Construction of Heathrow’s third runway could be held up until 2022, planning experts have warned, as opponents including London’s mayor prepare legal challenges.
Heathrow was expected to hold talks with its development partners as Construction News went to press to discuss how to proceed with planning for its third runway in light of the government’s support, which drew widespread praise from industry.
The government will put forward a National Policy Statement on its support for Heathrow in the new year and has hired former senior president of tribunals Sir Jeremy Sullivan to oversee the NPS process, before MPs vote on it and a planning application is made to the Planning Inspectorate.
Taylor Wessing head of planning Al Watson said the appointment of the “generation’s leading planning lawyer” to lead the NPS indicated the government knows it needs to “get it right first time to allow the timeframe to work”.
Heathrow reiterated it would have an operational runway by 2025, after the decision was made. The airport has proposed starting construction in 2020 in order to have the third runway operational from 2025.
However, Mr Watson warned the multitude of challenges ahead, both legal and political, could see construction pushed back to “late 2021 or 2022”.
Opponents of the scheme would want to “hit hard and hit early” and try to slow the formulation of the NPS by challenging the government’s decision to back Heathrow this week, he said.
He added that, aside from legal challenges, airlines could fight having to pay extra charges to fund the expansion upfront; landowners in the airport’s locality would likely refuse access to land for surveying; and the mayor’s office and Greater London Authority were likely to put “considerable resources” into challenging the decision on air quality grounds.
Heathrow Holdings Limited also needs to press on with securing a Development Consent Order before the next general election, in order to ensure there isn’t a change of political will from the next government, Mr Watson added.

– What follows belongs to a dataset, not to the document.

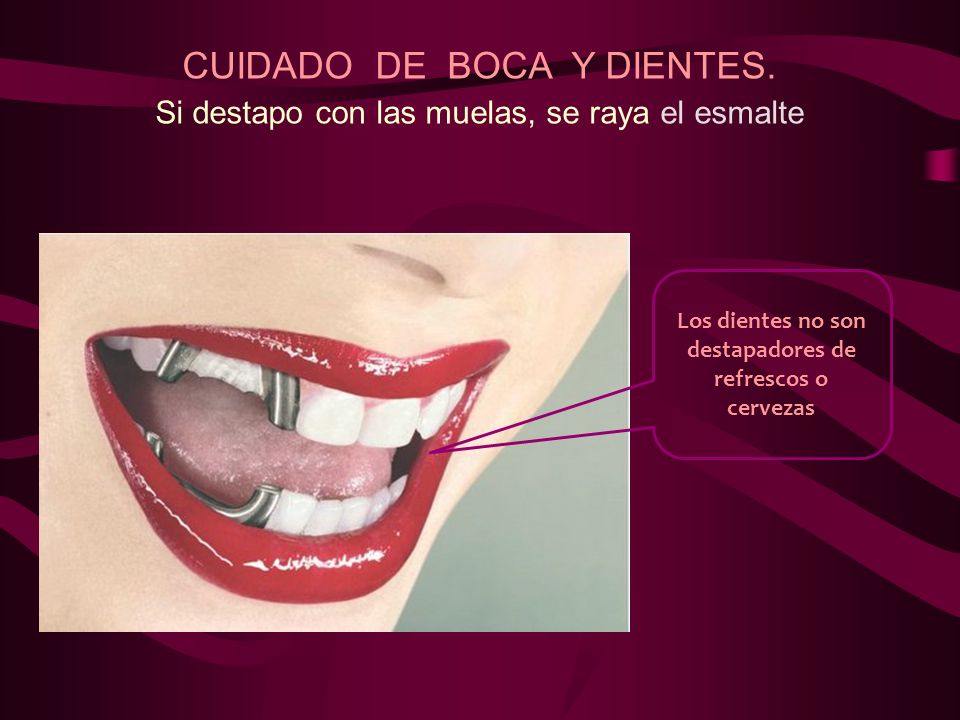 Los dientes no son destapadores de refrescos o cervezas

Robbie Owen, head of infrastructure planning and government affairs at Pinsent Masons, which is advising Heathrow, agreed that construction would likely begin in 2021/2022, depending on the consent process.
He said: “The development consent process is a very well understood process and has issued over 60 consents now since it started in 2010, even for big schemes like Hinkley Point C and Thames Tideway Tunnel, so it’s pretty predictable in terms of the timescales.”
Gatwick development director Ray Melee told the Construction News Summit this month that the airport would press ahead with expansion, regardless of the government’s preferred option for a new runway.
But Mr Owen said: “Gatwick will not be able to go ahead with its scheme because the NPS will say ‘the only scheme in town is Heathrow’ and therefore Gatwick will not be able to promote a scheme that is contrary to that.
”Once the NPS is in place… if Gatwick tries to apply [for a Development Consent Order] then they would have to have that turned down as a matter of law.”
Gatwick chief executive Stewart Wingate said: “We are disappointed as we do not believe this is the right answer for Britain. The challenges facing Heathrow have not changed. Our message today is that Gatwick stands ready to proceed when the time comes.”
Heathrow will now be asked to find ways to reduce costs and the timescale of the work to build the new runway.
The airport’s expansion development partners are Mace, Arup, CH2M and Turner & Townsend.
Mace chief operating officer for major programmes and infrastructure Jason Millett said that there would be a “huge sigh of relief” in the construction industry at the decision.
He said reducing the timescale and cost of the programme was “at the forefront of everyone’s minds” and that he personally hoped to see the DCO work run concurrently with the government’s NPS planning.
“The next steps are about mobilising the [development] team over the next 12 months.”
Mr Millett said he understood the objections, as someone living on Stansted Airport’s flight path, but argued the project was of national significance and the UK had to “get on with it”.
“We have a great opportunity here. We need to make sure all the learnings from other major infrastructure projects are built into [the new runway].”
Richmond Park MP Zac Goldsmith, an opponent of Heathrow expansion, has expressed his intention to resign following the decision. The move will trigger a by-election for his seat.